This paper has two main objectives. First, we propose that cross-linguistic variation in speech rhythm is not phonetically manifested simply as acoustic isochrony, but rather as relative temporal stability of syllables – i.e. the tendency for certain syllables to occur at particular points in time despite other factors that oppose this tendency. Second, we compare two languages believed to be rhythmically distinct, English and Japanese, and demonstrate that they not only display reliable rhythmic differences, but also striking similarities in the phonetic manifestation of foot-level structure. These goals are accomplished by using speech cycling – an artificial speaking task in which subjects repeat phrases in time with periodic auditory stimuli.
There has long been an intuition that languages are spoken with different kinds of rhythm. Conventionally, languages have been classified as either ‘stress-timed’ or ‘syllable-timed’ (Jones 1918; Pike 1945; Abercrombie 1967), depending on whether it is interstress intervals or intersyllable intervals that are regular. The prediction about timing that is generally seen to follow from ‘stress-timed’, ‘syllable-timed’, or even ‘mora-timed’ (Port, Dalby and O'Dell 1987), is perfect isochrony (equal time intervals) of stresses, syllables or moras.

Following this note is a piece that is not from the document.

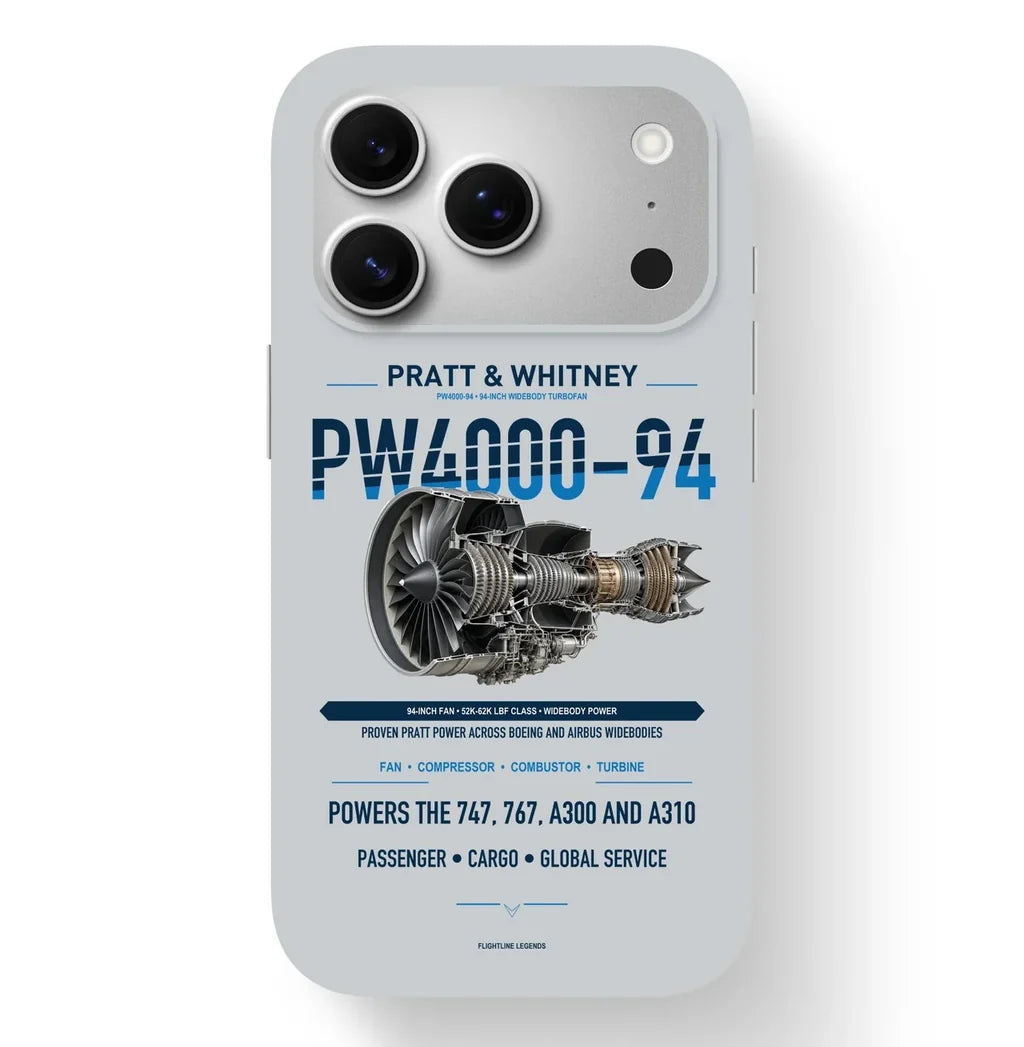 PW4000-94 Case design on light gray iphone case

Not surprisingly, however, perfect isochrony has proven to be a difficult test to satisfy, at least in naturalistic speaking styles (Lehiste 1977; Dauer 1983; Couper-Kuhlen 1993).
In generative phonology, a way of characterizing the rhythm of so-called stress-accent languages has evolved based on the quasi-periodic alternation of strong and weak syllables (Liberman and Prince 1977; Selkirk 1984).